ゲームマニア
1.追跡
ビルの屋上へと続く階段を上っていく。しかし、その階段を上った先にあったのは地面=大地であった。その大地の上にはひとつの建物=自動車修理工場が立っている。その建物に入る。中は無人のようではあるが、相手は潜んでいるようすである。銃撃が始まる。仲間たちは倒れていくが、その倍、相手たちを倒していく。次のステージへの階段を上る。その先にあったのはお堂。中央に阿弥陀如来坐像がある。使われた形跡の火鉢。まだ温かい。相手はどこに隠れたのだろうか。
2.戦闘
われわれが火鉢を調べようとしたそのとき、背にある阿弥陀如来坐像が攻撃を仕掛けてきた。それはどうやら改造されたロボットのようであった。仲間が三人やられる。私は転げ回り障子の後ろに隠れる。阿弥陀如来坐像は目から焦熱光線を吐き出しつつ辺りを壊滅させていく。なすすべがない。しかし、私は相手の弱点を見切っていた。障子とともに転げ回り相手に銃口を向ける。相手が私に気づくその前に背中のポケットに光線を与える。その衝撃により、阿弥陀如来坐像は動きを止めてもとの仏像へと姿を戻した。
3.帰還
「今日の戦果は?」
「はい。金が650g、銀が1180g、その他金属が4583gです。」
「金像は本物か?」
「金と銅でできていました。」
「メッキか?」
「はい。」
「課長へ報告。」
「承知しました。」
私は更衣室でスーツに着替えた。これから取引先の方と会う。今月中に仕入れた金属類の内、数%まで取引できるだろうか。
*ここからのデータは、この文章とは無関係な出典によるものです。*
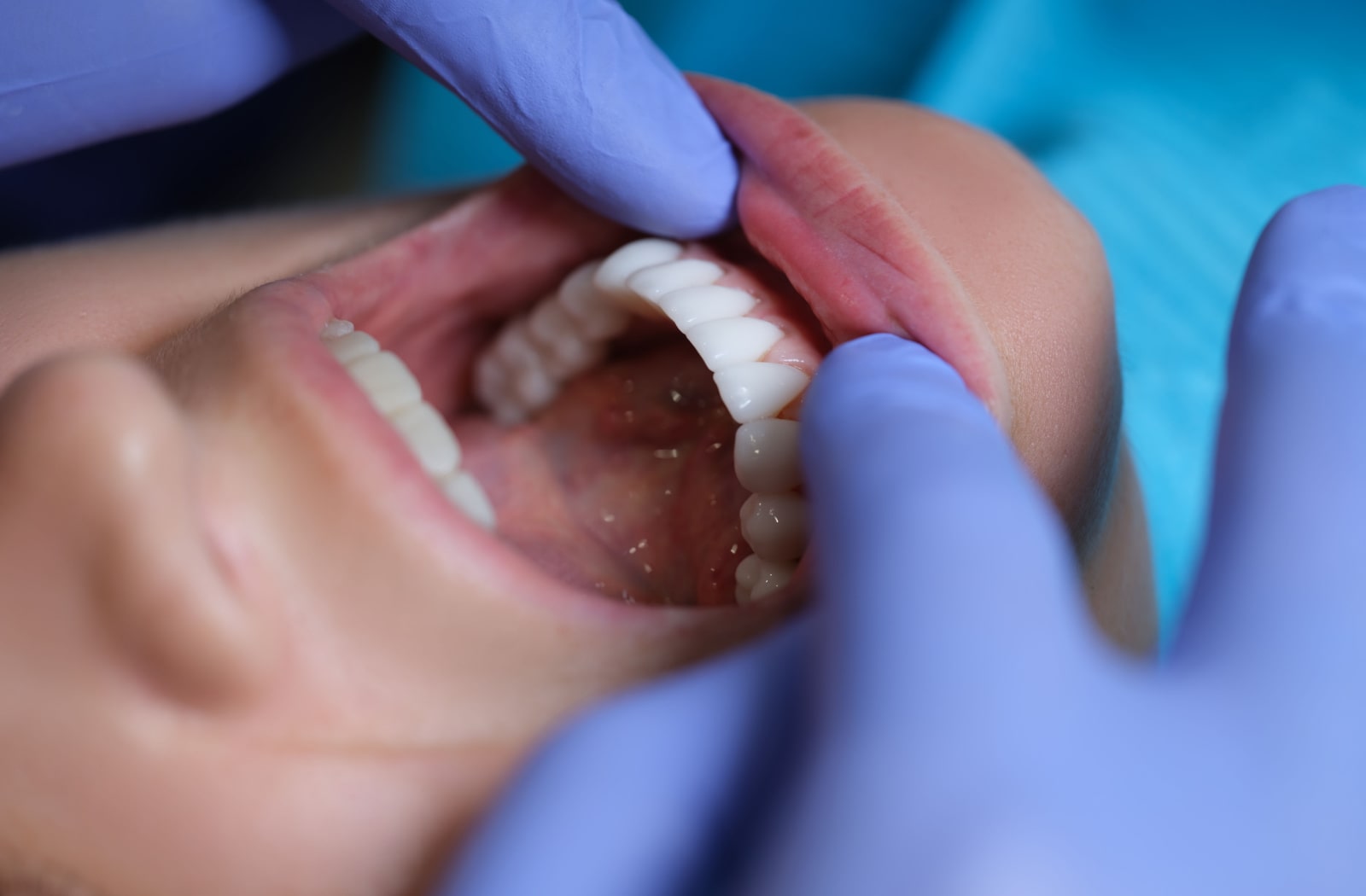 A dentist looks inside a patient's mouth to check for any cavities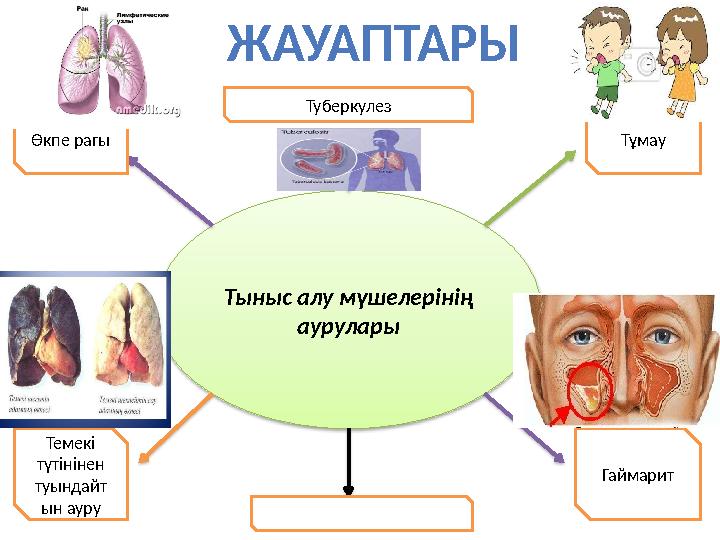 ЖАУАПТАРЫ Тыныс алу мүшелерінің аурулары Тұмау Туберкулез Өкпе рагы Темекі түтінінен туындайт ын ауру Гаймарит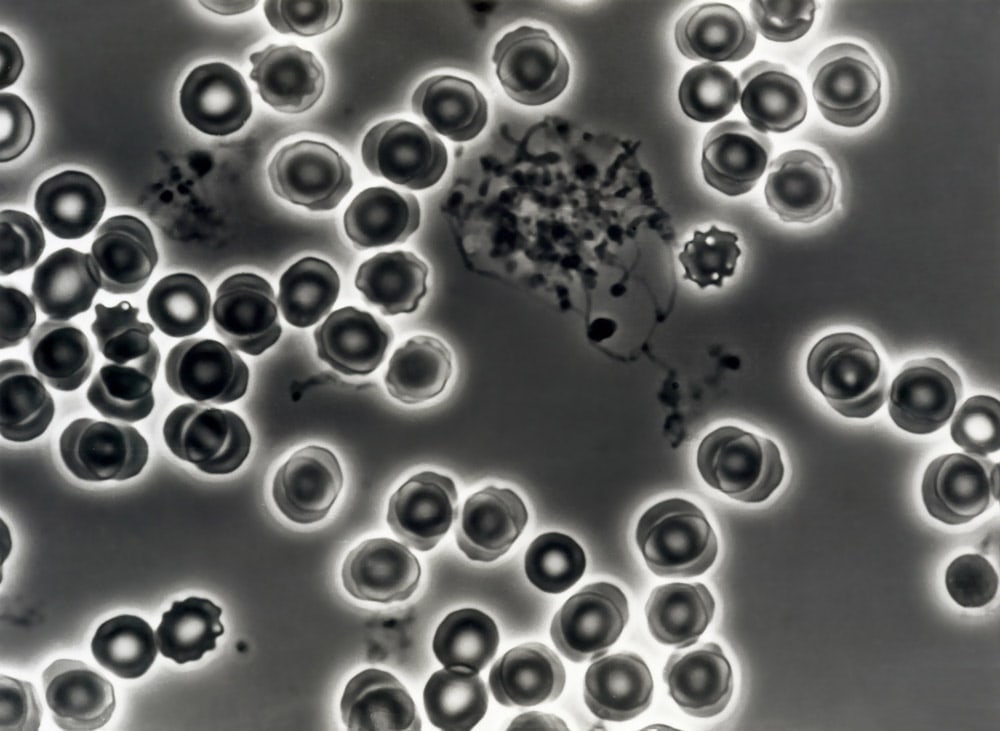 Phase contrast microscopy of live human blood passing through a cardiac hypothermia pump showing crenellation and fibrin formation.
それをこれから決めるのであった。
4.仕事終わり
20XX年。世界は金属を欠乏していた。それは数年前に飛来した地球外生命体が地球上の金属に寄生し、人間を襲い始めた。人間たちは最初は戸惑いながらも、この事態に適応し、地球外生命体の排除と奪われた金属類の回収を決意した。現在、私は民間の金属回収会社に勤めている。その後、地球外生命体に寄生された金属類はその金属的性質に変化が起き、多種多様の粒子的作用をもたらすことが分かった。人間たちは、これを知り、こぞって地球外生命体に寄生された金属類の回収を目論んだ。それと同時にある程度、地球外生命体の存在を確保し、それが生み出す超金属を再生産することを目指した。もともとはそれら超金属の再生産と回収は国家の事業であったが、超金属の生産量が安定し、希少価値もなくなり、超金属工業が普遍化されると超金属の再生産と回収は民間にも卸されることになり、今では、超金属生産業者の数は軒並み増えている。そして、それらの再生産と回収はVR技術を使い行われるようになった。それは21世紀初めの人々が見たらゲームマニアのようであるのかもしれない。